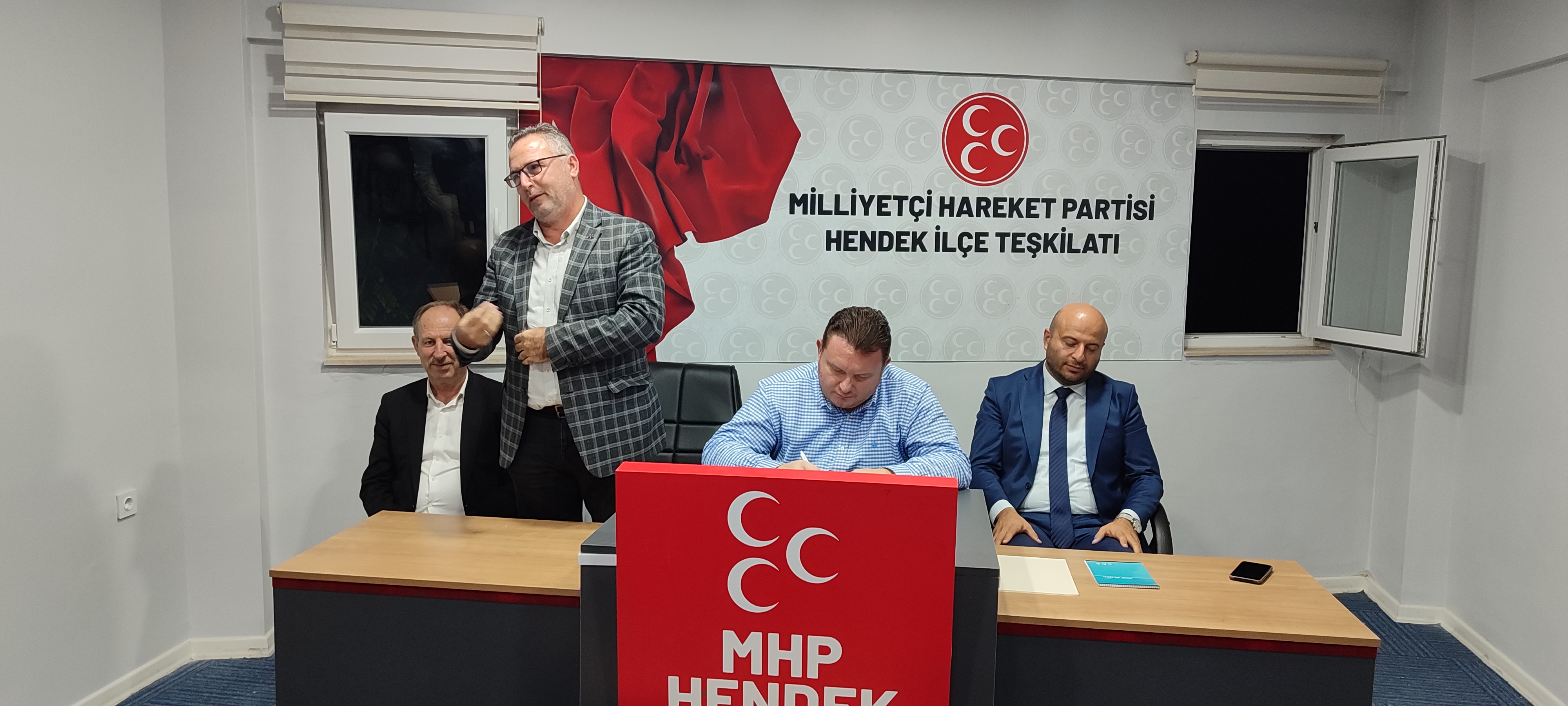 MHP Hendek’ten birlik ve beraberlik mesajı 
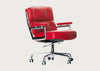 Eames ES 104 Lobby Chair Red Leather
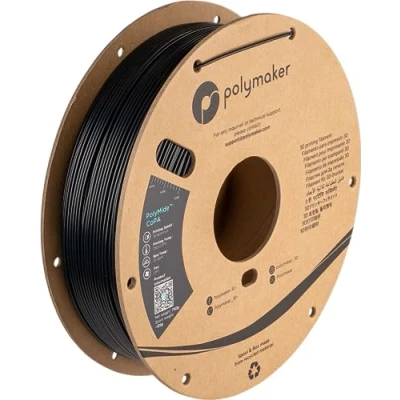 Afbeelding van Polymaker PG05001 PolyMide™ CoPA 6/6 6 Filament PA (polyamide) Hittebestendig, Hoge treksterkte 1.75 mm 750 g Zwart 1 stuk(s)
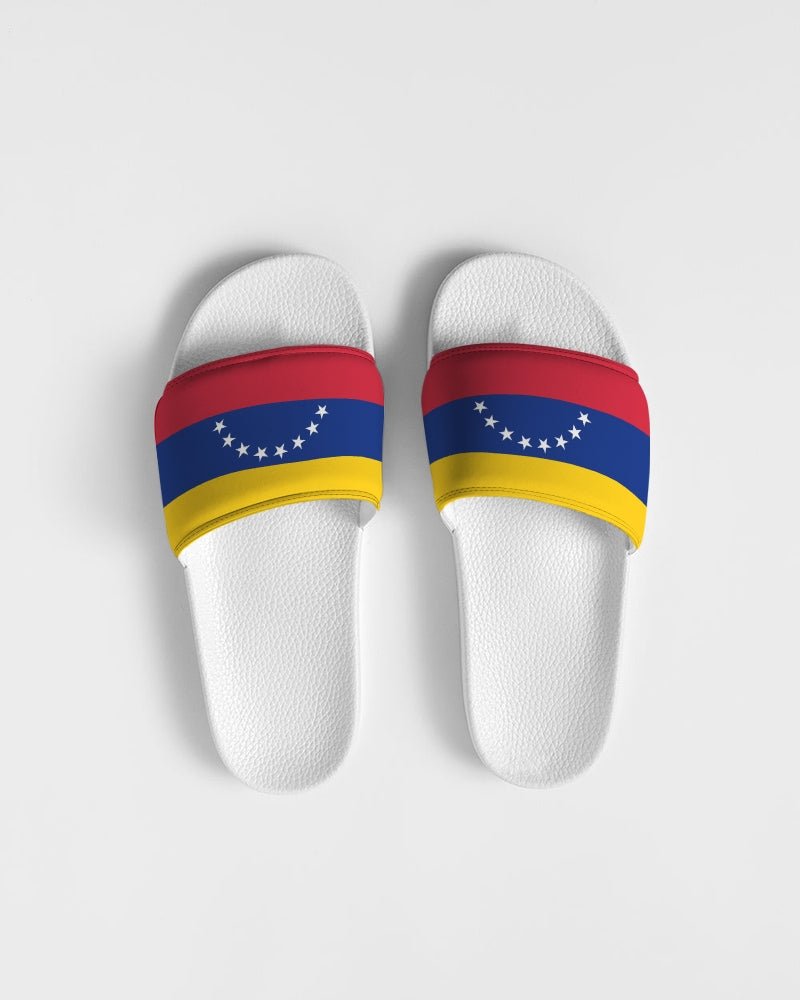 Venezuela Flag Men's Slide Sandal - Conscious Apparel Store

━━━━━━━━━━━━━━━━━━━━━━━━━━━━━━

_Work instructions_: Give back the data exactly. Pictures stay out.

_Reply_:
 MHP Hendek’ten birlik ve beraberlik mesajı 
 Eames ES 104 Lobby Chair Red Leather
 Afbeelding van Polymaker PG05001 PolyMide™ CoPA 6/6 6 Filament PA (polyamide) Hittebestendig, Hoge treksterkte 1.75 mm 750 g Zwart 1 stuk(s)
 Venezuela Flag Men's Slide Sandal - Conscious Apparel Store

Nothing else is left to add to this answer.